[The task]: With the images excluded, set down every line of the listing below exactly.

[Exercise input]:
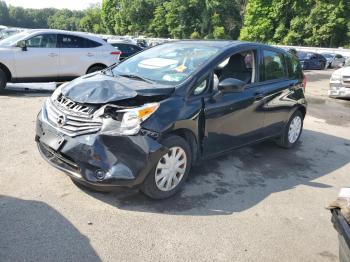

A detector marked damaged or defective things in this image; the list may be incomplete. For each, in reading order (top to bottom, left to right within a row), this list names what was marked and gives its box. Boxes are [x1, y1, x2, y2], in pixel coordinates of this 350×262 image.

cracked bumper [35, 109, 167, 187]
front end damage [34, 90, 169, 188]
broken headlight [106, 102, 160, 135]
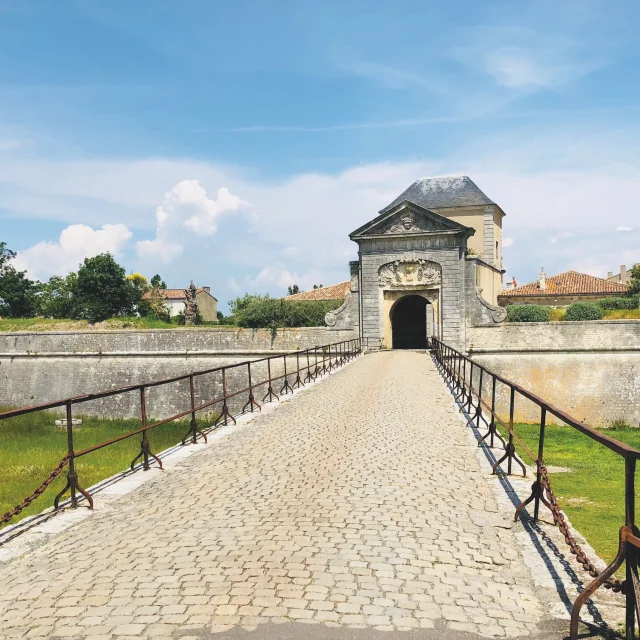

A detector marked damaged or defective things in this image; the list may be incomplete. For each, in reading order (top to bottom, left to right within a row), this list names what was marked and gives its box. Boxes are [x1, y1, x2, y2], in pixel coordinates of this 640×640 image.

rusty iron railing [0, 338, 362, 528]
rusty iron railing [430, 338, 640, 636]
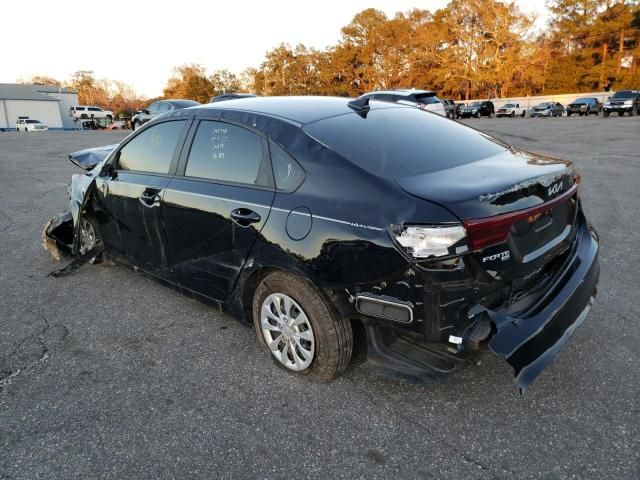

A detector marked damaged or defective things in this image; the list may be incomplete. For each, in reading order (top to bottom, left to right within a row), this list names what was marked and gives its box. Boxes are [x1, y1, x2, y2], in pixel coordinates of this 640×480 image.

cracked asphalt [1, 117, 640, 480]
damaged black car [45, 96, 600, 390]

[Written answer]:
A detector marked damaged or defective things in this image; the list may be incomplete. For each, in reading order (top to bottom, left to right within a row), this list names what was marked and gives its box. Boxes are [x1, y1, x2, y2], in pixel coordinates of this 350×262 image.

cracked bumper [35, 109, 167, 187]
front end damage [34, 90, 169, 188]
broken headlight [106, 102, 160, 135]

A detector marked damaged or defective things in this image; the list may be incomplete. For each, in reading order (top to bottom, left to right within a row), this list names what was marked and gives its box. Boxes are [x1, y1, x2, y2], in pixel coordinates of this 640×640 image.

rusty iron railing [0, 338, 362, 528]
rusty iron railing [430, 338, 640, 636]

A detector marked damaged or defective things in this image; the list may be incomplete. For each, in reading order (top to bottom, left to right within a row), this list names what was marked and gives its box. Boxes are [x1, y1, x2, y2], in pixel coordinates of this 640×480 image.

cracked asphalt [1, 117, 640, 480]
damaged black car [45, 96, 600, 390]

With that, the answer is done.